YOUR TASK: With the pictures omitted, set down exactly the lines from the one that contains "Brand New Crystal" through the last line of the data.

Captioned web image data:
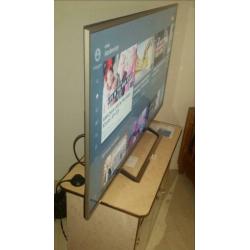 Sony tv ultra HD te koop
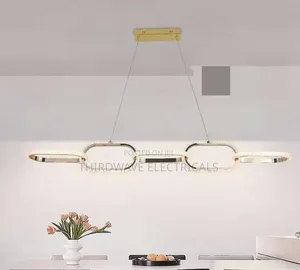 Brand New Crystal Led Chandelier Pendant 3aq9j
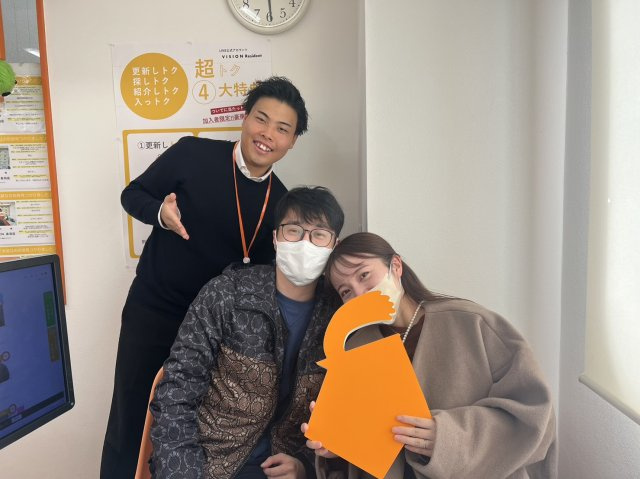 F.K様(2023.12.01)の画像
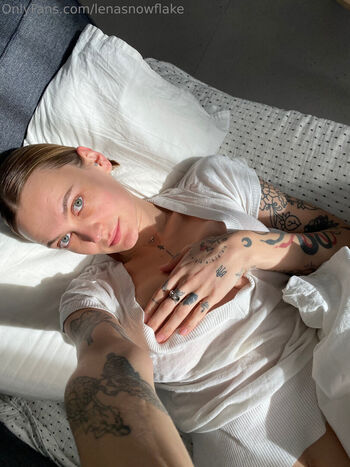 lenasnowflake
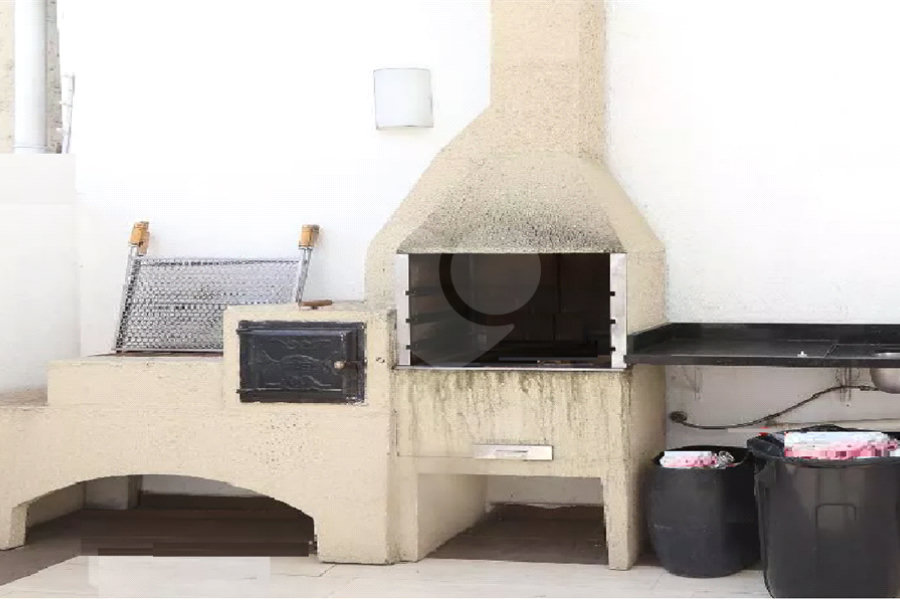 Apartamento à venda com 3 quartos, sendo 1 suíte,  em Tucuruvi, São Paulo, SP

ANSWER BOX:
 Brand New Crystal Led Chandelier Pendant 3aq9j
 F.K様(2023.12.01)の画像
 lenasnowflake
 Apartamento à venda com 3 quartos, sendo 1 suíte,  em Tucuruvi, São Paulo, SP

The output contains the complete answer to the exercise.